My suspicion would be that if there were a substantial number of redemptions that the price achieved might well be much closer either to Liv-ex's mid-price or the good deals that Nobles Crus strike when buying rather than the current Nobles Crus valuations. 

With the exception of the crisis of March 2009 the valuations have yet to be put to a real test as there have so far been relatively few redemptions as the 2011 Nobles Crus report indicates. 

During 2011 4.2% of the wine fund (total bottles on 31.12.11: 36,322 bottles) was sold and achieved a price 1.39% above NC's valuation. With the exception of a parcel of 1995 Lafite all the wines sold were from the 2000 vintage or later.   
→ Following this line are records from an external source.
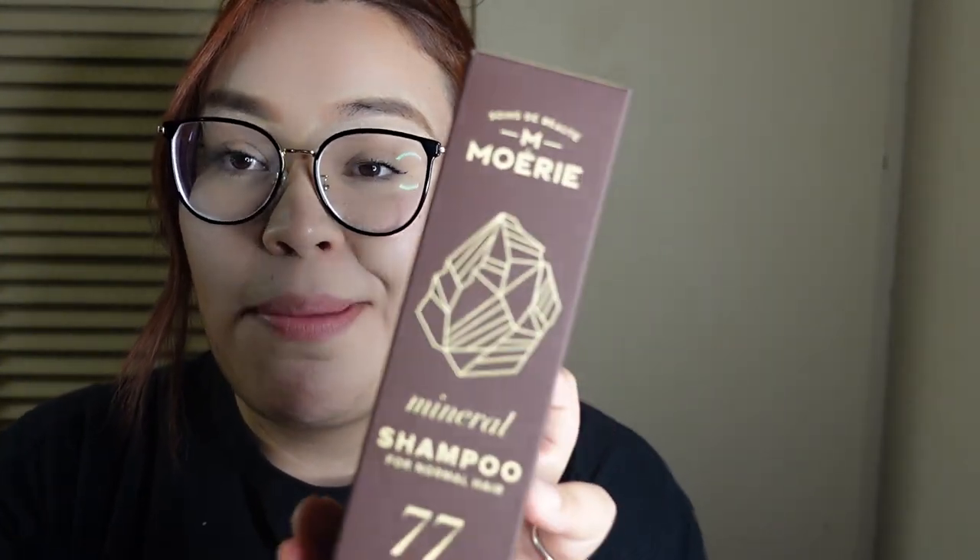Alright guys, so let's begin. This video is sponsored by Moray — I'm not sure how to really pronounce the name. They were really, really kind enough to send me their products so I could review them. And I've been trying this brand already for like three weeks.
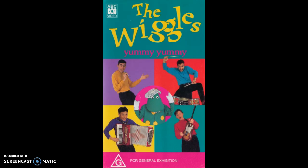Take the flour and honey too, put them together and make a goo. What's next?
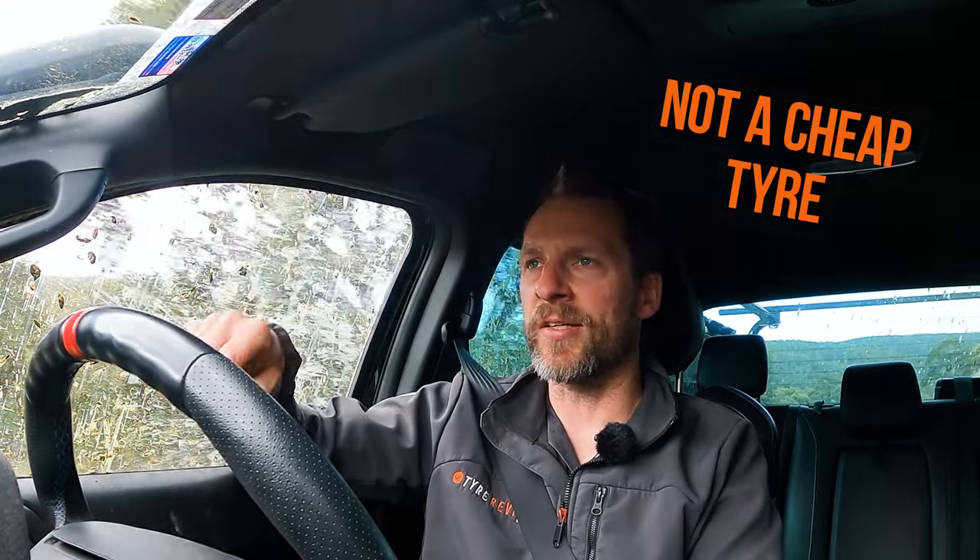They're not a full aggressive mud tyre, so they're not going to pull you out of the bog like I was stuck in at the start of this. But 99% of what 99% of us do, they're spot on. The investment factor is a thing though — they are not a cheap tyre. I priced them out against three different shops, and in comparison to a lot of other all-terrains out there, these are not cheap. But it's the old adage — you get what you pay for. These are a pretty amazing tyre, and I wouldn't hesitate to run these day to day on my car.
Taking the 23 different wines sold the total sale price was 15% above the purchase price. With respect to individual wines sold there was, however, a wide variation between the % profit and loss. 60 bottles of 2006 Pavie was sold at 24% below the purchase price, while 12 bottles of 2006 Les Forts de Latour were sold at 200% above the purchase price. 

I would be more reassured if wines when added to the fund were valued at cost or very close to cost. Better to have a conservative valuation than one that may prove to be over-optimistic. Buying at below other merchants' prices and then valuing at retail as described in the letter to investors (19.11.2012), does provide an immediate boost for the valuation of the fund when new wines are added. The as yet unanswered 100€ million + question is will Nobles Crus valuations prove to be accurate, robust and credible when faced with significant redemptions? That is a worry!          

I might also wonder why Elite Advisers have used other forms of data from Liv-ex, such as Cellar-watch, when they have been very firmly advised that this data is not appropriate for valuing wine funds. Furthermore Liv-ex has from the beginning of this controversy declined to value older vintages whether from Bordeaux or Burgundy.

I would hope that the buyers for the Nobles Crus wine fund were sufficiently skilled and diligent to have avoided unwittingly buying any counterfeit wine given that their sources include private collections, auctions and restaurants. I'm alarmed by the amount of counterfeit wine there appears to be around as this thread on the Wine Berserkers indicates.